Trivia of Charlie Chaplin


 Charlie Chaplin (16 April 1889 - 25 December 1977)

*Both of Chaplin’s parents were music hall entertainers in London. In his autobiography, he described how, at age 5, his mother’s voice suddenly failed in front of a crowd of rowdy soldiers. His father who also was a stage manager ushered Charlie Chaplin onstage as a replacement.Chaplin first sang a popular song called “Jack Jones,” prompting the audience to shower him with coins. He purportedly drew big laughs by announcing that he would pick up the money before continuing. More laughter ensued when he began imitating his laryngitis-addled mother. A few years later, Chaplin made his professional debut as a member of a juvenile clog-dance troupe. He followed that up with a couple of theater roles, toured with vaudeville acts and did one disastrous night of stand-up comedy in which he was booed off the stage.
*During Chaplin’s second vaudeville tour of the United States in 1913, Keystone Studios hired him away for $150 a week. He made his first film appearance early the following year, playing an out-of-work swindler in “Making a Living (1914).” Wearing a handlebar mustache, top hat and monocle, he got in a few funny gags, particularly while fighting the story’s hero, a journalist who at one point interviews a man trapped under a car instead of helping him. Overall, though, Chaplin was appalled by his performance. “I was stiff,” he later said. “I took all the surprise out of the scenes by anticipating the next motion.” He also accused the director of cutting his best material out of jealousy.
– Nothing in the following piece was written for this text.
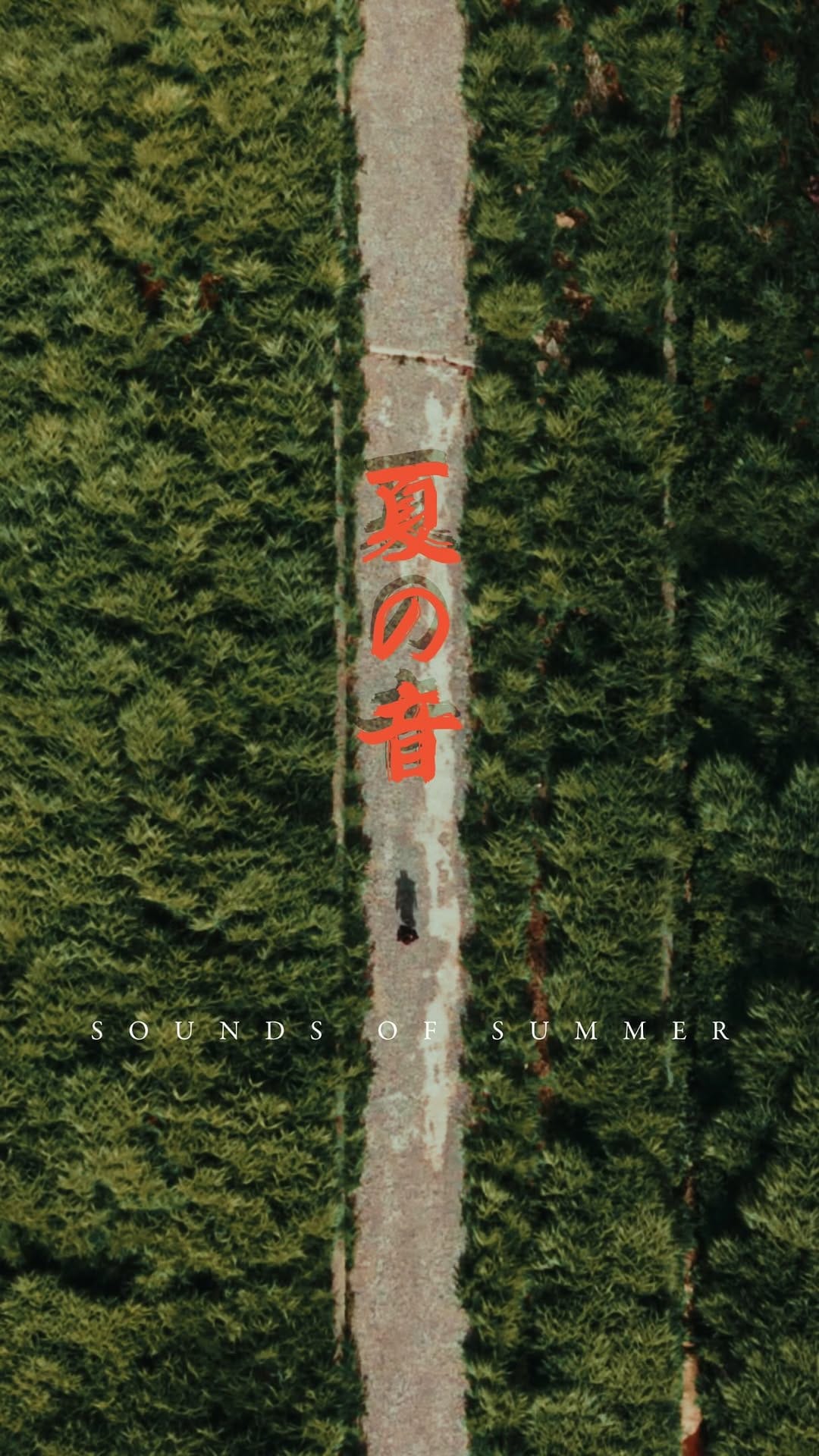 Post 2 by Hiroshi Hashiguchi on Instagram (video)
*In 1915, Chaplin took part in the Charlie Chaplin look-a-like contest. Unbelievably, the judges and audience didn’t realise that he was the real one! It is reported that, instead of winning, he took home third place.
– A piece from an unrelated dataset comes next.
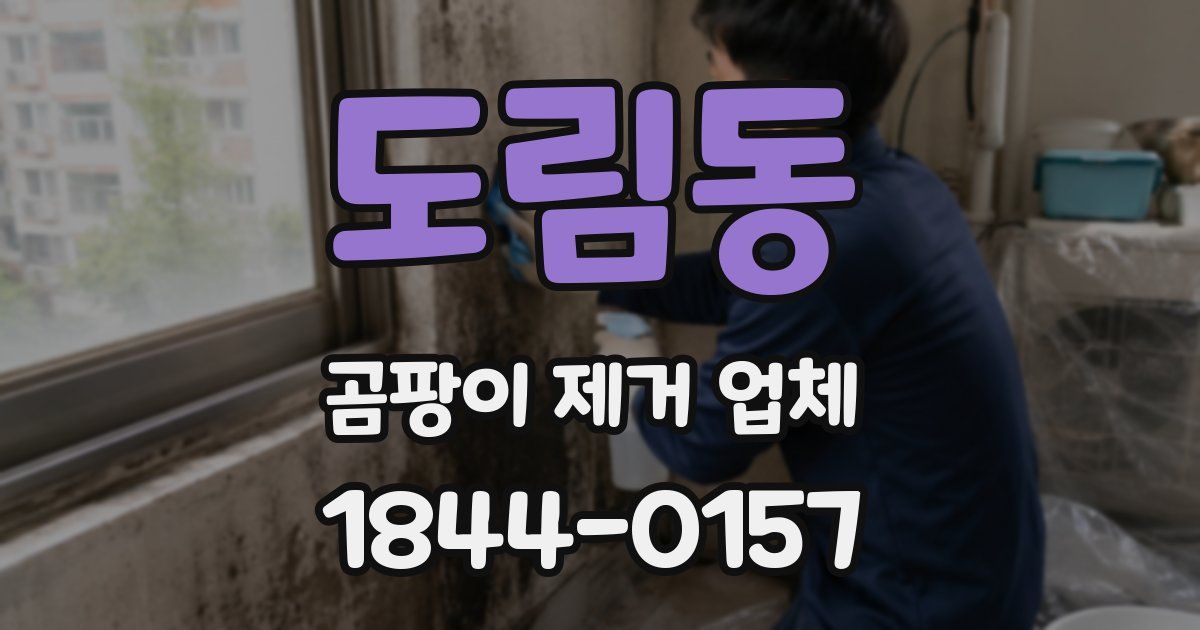 도림동 곰팡이 제거 업체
*Becoming one of the most iconic representatives of silent cinema, Chaplin refused to adopt audio and dialogue for a long time, even though sound technology in the film industry was becoming increasingly popular. He continued with his own idea of cinema, convinced that sound would ruin the Little Tramp. However, he gradually introduced music and other sounds as a device in his later movies, including City Light (1931), Modern Times (1936) and The Great Dictator (1940).
*Chaplin invited Albert Einstein and his wife Elsa to join him at the Los Angeles premier film City Lights (1931). When the house lights came up, Chaplin was surprised to see Einstein's eyes tearing at the final scene. Chaplin said in his autobiography that he had not known Einstein to be so "sentimental."
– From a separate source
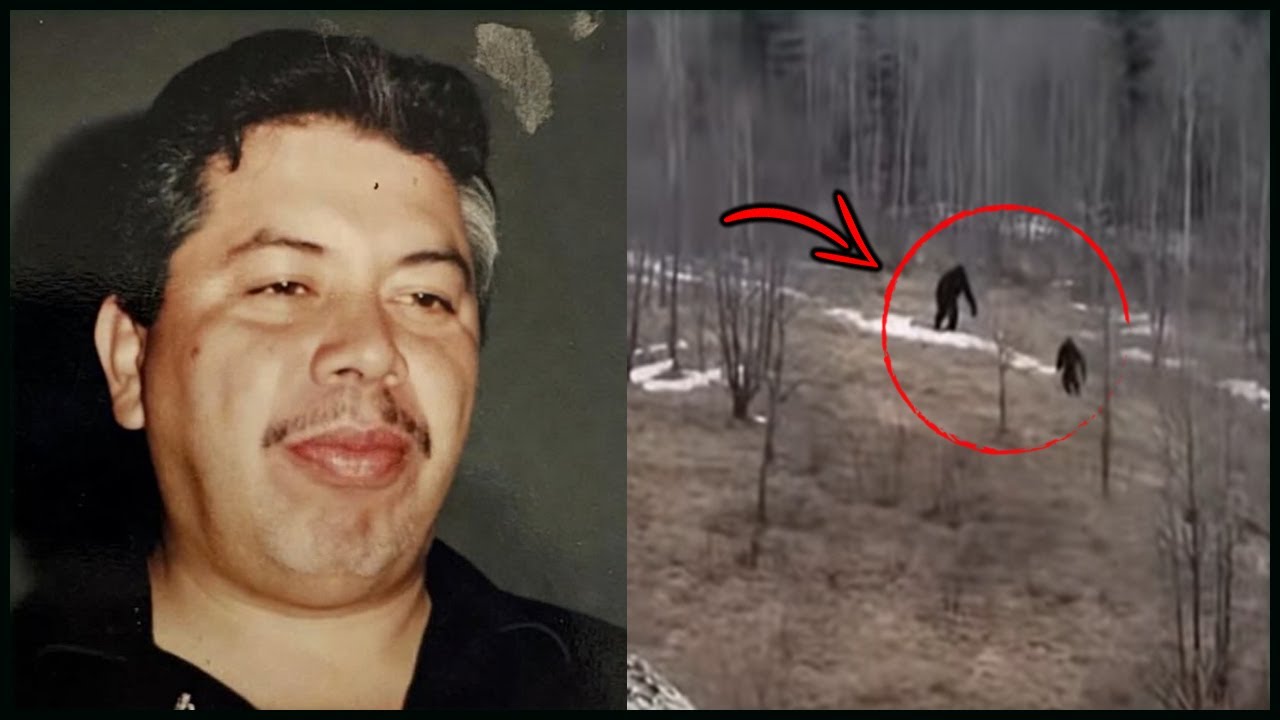 Мужчина, Увидевший Двух «Бигфутов» в Испанском Лесу — Через Несколько Часов Его Лагерь Был Разрушен.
*Chaplin composed the music for many of his own movies, despite never having had proper music training. Chaplin actually won an Oscar for the music in Limelight (1952), which he helped compose.
*He and Buster Keaton had an interesting relationship. Long considered rivals but always having avoided commenting about each other in the press, Chaplin hired Keaton for a part in Limelight (1952). Keaton, who was flat broke at the time, went into a career decline after having been signed by MGM in 1928, as the studio would not let him improvise in any of his films nor allow him any writing or directorial input, and he was eventually reduced to writing gags--often uncredited--for other comedians' films. Chaplin, at this point, felt sorry for Keaton due to his hard luck, but Keaton recognized that, despite Charlie's better fortune and far greater wealth, he was (strangely) the more depressed of the two. In one scene in "Limelight", Chaplin's character was dying. While the camera was fading away, Keaton was muttering to Chaplin without moving his lips, "That's it, good, wait, don't move, wait, good, we're through." In his autobiography Keaton called Chaplin "the greatest silent comedian of all time".
*Marlon Brando played the starring role in Chaplin's last movie A Countess from Hong Kong (1967) in 1966. While Brando had always greatly admired Chaplin's work and looked upon him as "probably the most talented man the [movie] medium has ever produced", the two superstars did not get along during the shooting. In his autobiography, Brando described Chaplin as "probably the most sadistic man I'd ever met." Chaplin, on his side, said that working with Brando simply was "impossible".
*Just a few months after Chaplin’s death in 1978, two robbers stole his coffin from a Swiss cemetery and sent his wife a $600,000 ransom demand. When she refused to pay, they allegedly threatened her kids. The bungling robbers were soon caught, however, and the coffin was recovered. It was then reburied in a theft-proof concrete vault.